## INFORMATION SUPPLIED
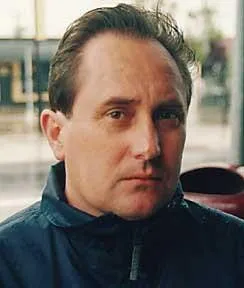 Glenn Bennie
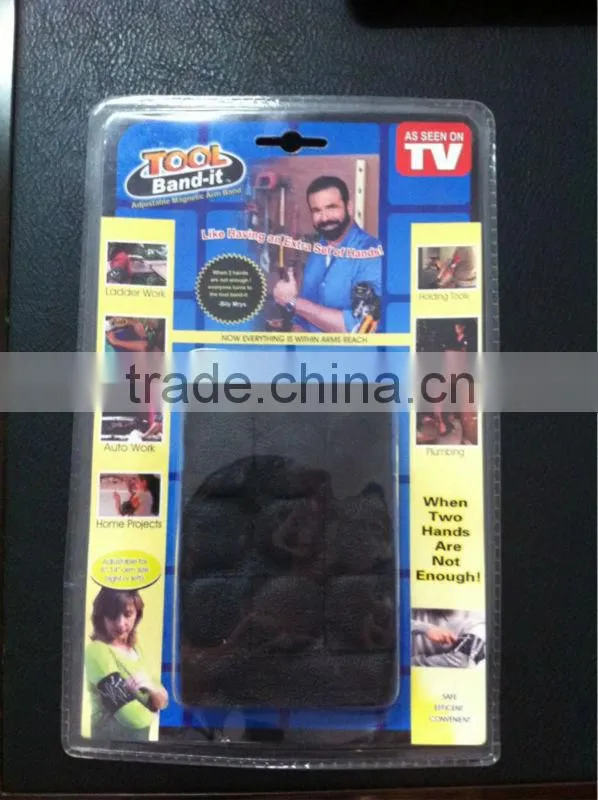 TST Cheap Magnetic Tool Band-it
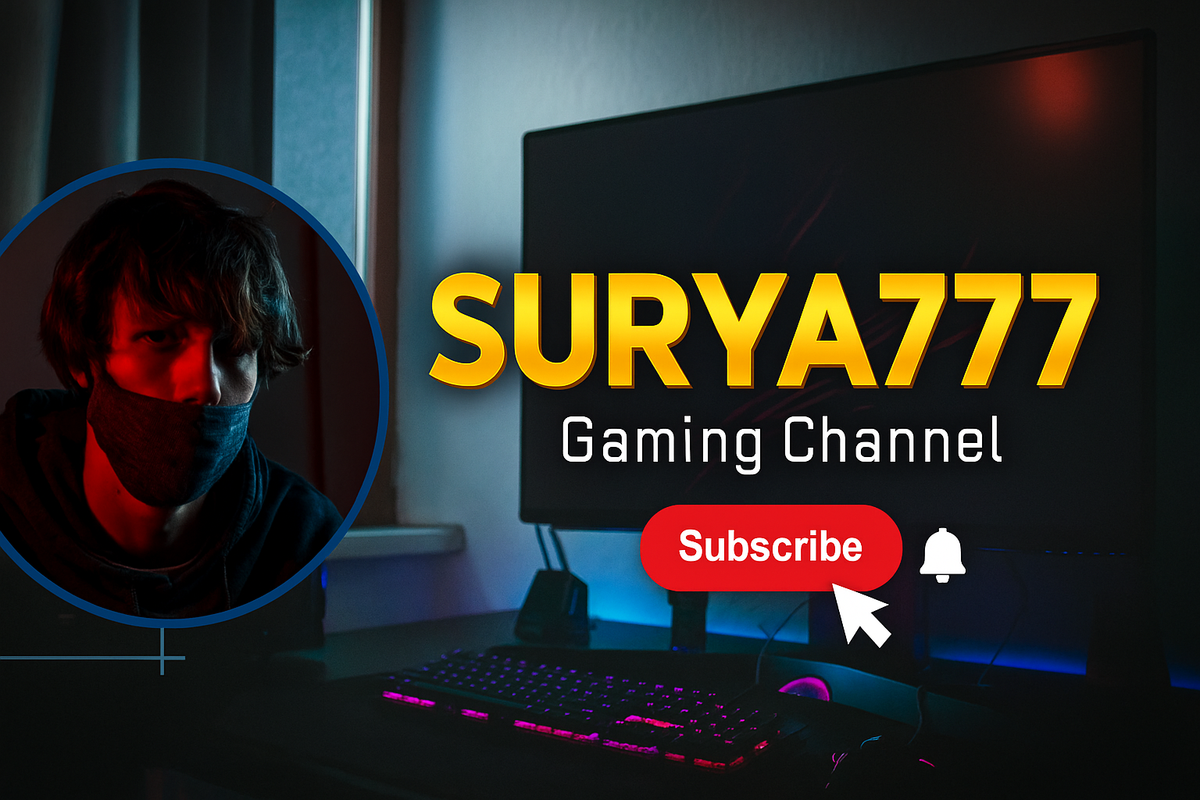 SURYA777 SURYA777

## TASK TO COMPLETE
All that is wanted is the lines from the one holding "TST Cheap Magnetic Tool Band-it" through the end of the material, duplicated exactly, with no pictures.

## EXERCISE ANSWER
 TST Cheap Magnetic Tool Band-it
 SURYA777 SURYA777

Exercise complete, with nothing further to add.